WHAT TO DO: Please print nothing but the lines from the one containing "Friends, how are" to the final line below, exactly, and no pictures.

INFORMATION:

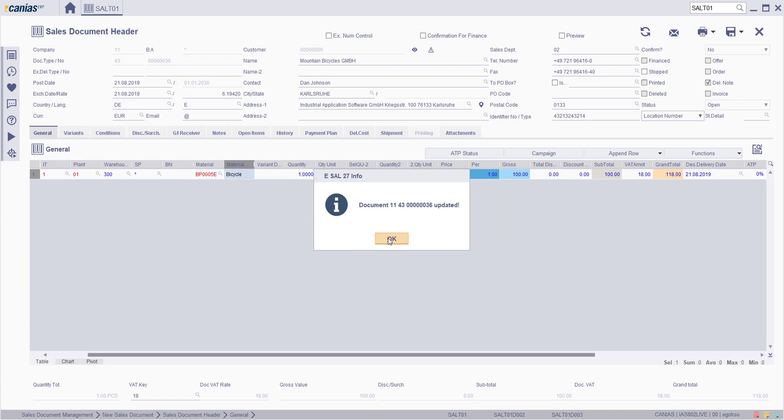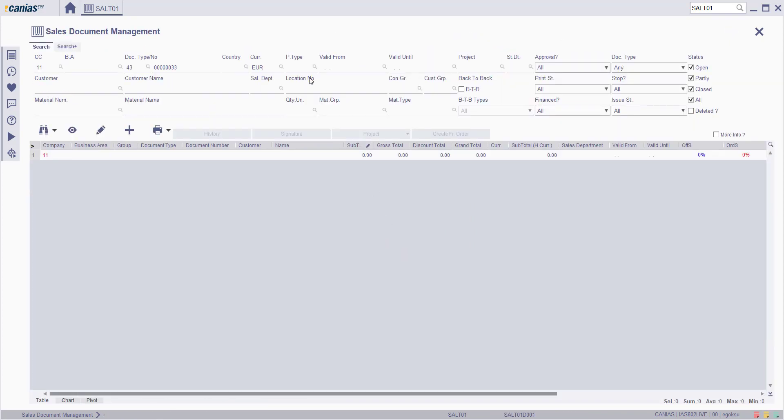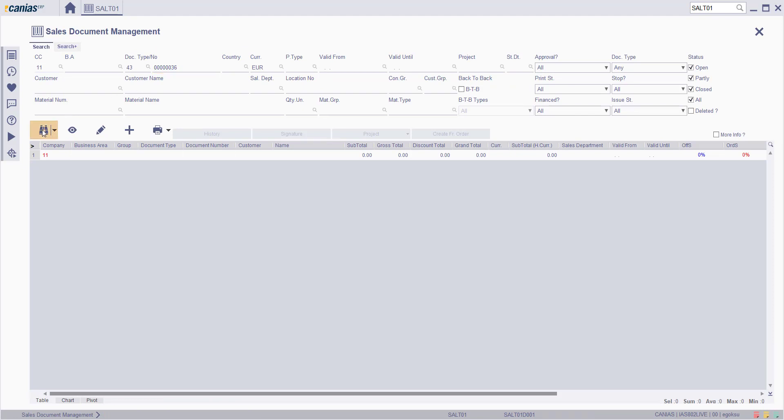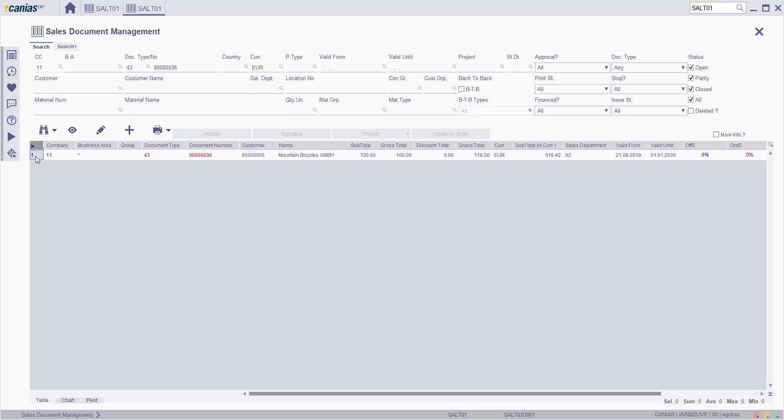Now your document is ready. To print out the document, you can double-click to copy and then find your document. Select the document and click drop-down menu on the print button and select as detail.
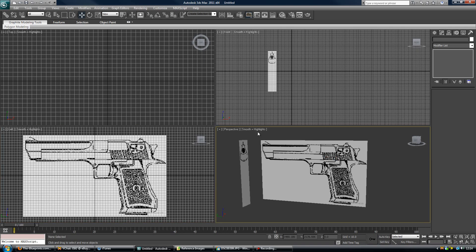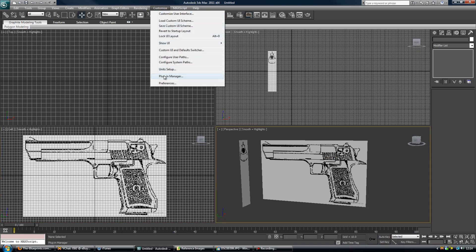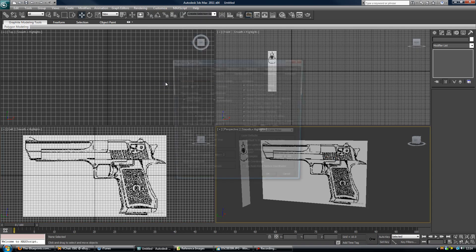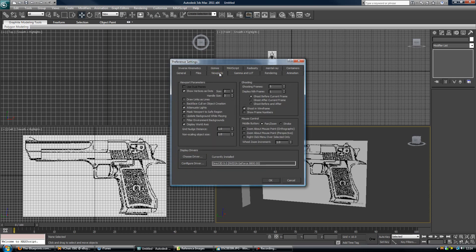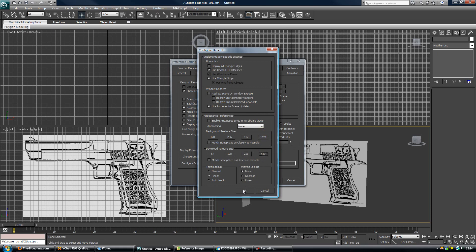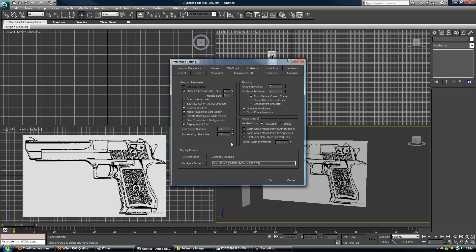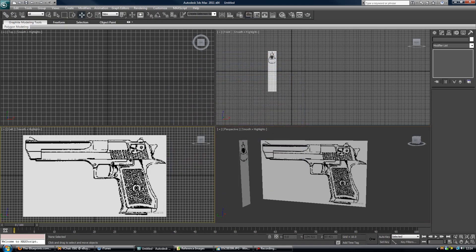One other thing you need to do is, come up to customise, and then come down to preferences. And then in viewports, under the viewports tab, you want to come down to configure driver, and make sure that 1024 and 512 are set for both of these, and click OK. And once you do that, it will ask you to restart, or it will just update automatically.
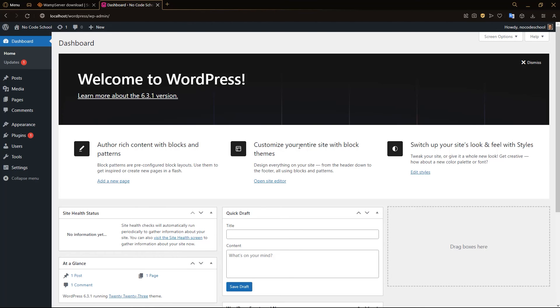So that concludes our tutorial on installing WordPress with a WAMP server. We hope you learned something here today. If you like it, leave a like. And don't forget to subscribe. If you have any other tools that you would like us to cover in the future, please let us know in the comments down below. Once again, thanks for watching. And we'll see you in the next one. Bye.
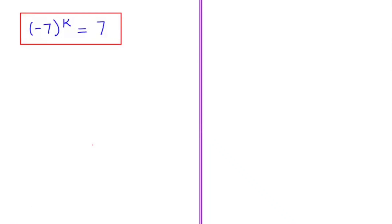Hi everyone. In this video I am going to solve a nice algebraic equation. The equation we have is minus 7 to the power of k is equal to 7. Here we are going to find out the value of k. So let's start our solution.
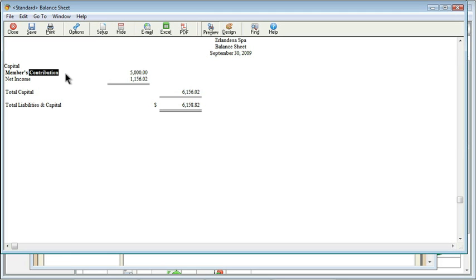Just like we can customize forms in Peachtree, we also can customize reports in Peachtree. But I do want to caution you about a little something here. I currently still have my balance sheet open, and it's important to remember that things like balance sheets and income statements or P&Ls really are standardized. That's what they're intended to be.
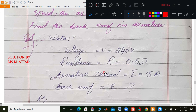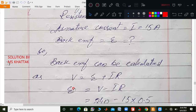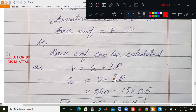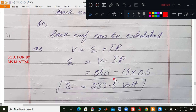The motor current is 15 ampere. Back EMF epsilon we need to find. We can calculate using the formula: V is equal to epsilon plus IR. This is the formula used for a motor.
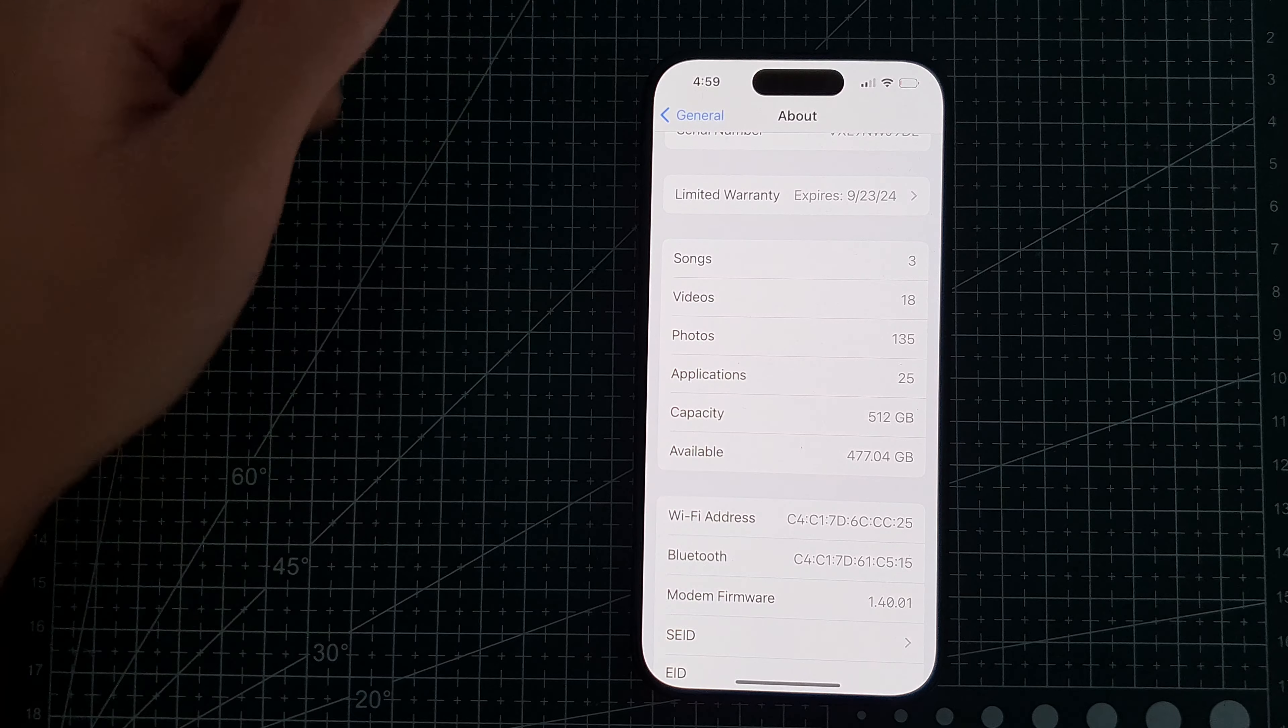From here, find general, just tap on general. And then you want to go to about, which is usually at the top of the screen.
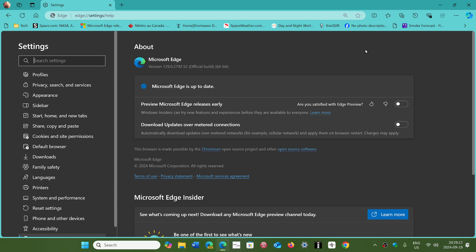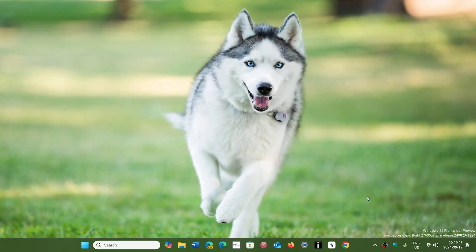Anyways, moving on slowly to a new Edge browser. Update at least for the security, even if you don't use it, because you know how sneaky Microsoft is. Sometimes links open up with Edge rather than your favorite browser.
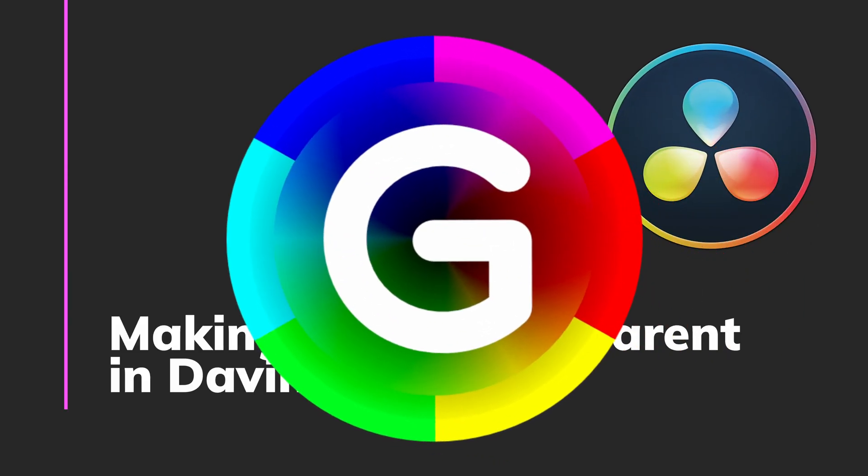In this video we'll dive into a quick and easy tutorial on how to make a white background transparent using DaVinci Resolve. Let's get started.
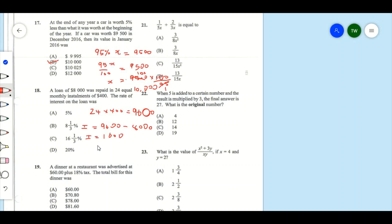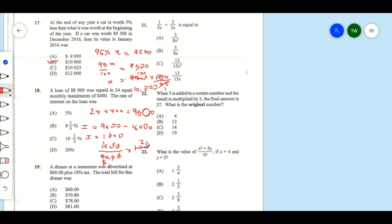Now we represent the interest as a percent of the original loan: 1,600 divided by 8,000 times 100. Cancelling zeros, 16 into 80 gives 5, and 5 into 100 gives 20. So as a percentage the interest rate is 20%, and the answer is D.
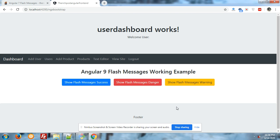Friends, how are you? Welcome again on my channel The Rainpost. Today in this post I will tell you how we can easily implement flash messages into our Angular 9 application. On my screen you can see the text written Angular 9 Flash Messages Working Example.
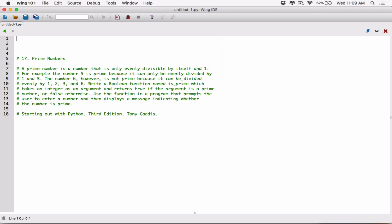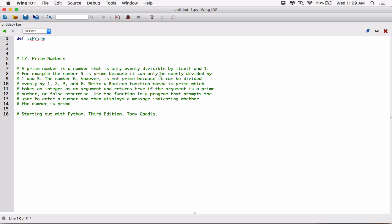We know we are going to define a function called isprime. It says write a boolean function named isprime, so let's do that. I'm going to define the function and call it isprime. I'm going to name mine using CamelCase — you can name it the standard way if you want, it doesn't make any difference.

WORKED SOLUTION:
Friends, how are you? Welcome again on my channel The Rainpost. Today in this post I will tell you how we can easily implement flash messages into our Angular 9 application. On my screen you can see the text written Angular 9 Flash Messages Working Example.
We know we are going to define a function called isprime. It says write a boolean function named isprime, so let's do that. I'm going to define the function and call it isprime. I'm going to name mine using CamelCase — you can name it the standard way if you want, it doesn't make any difference.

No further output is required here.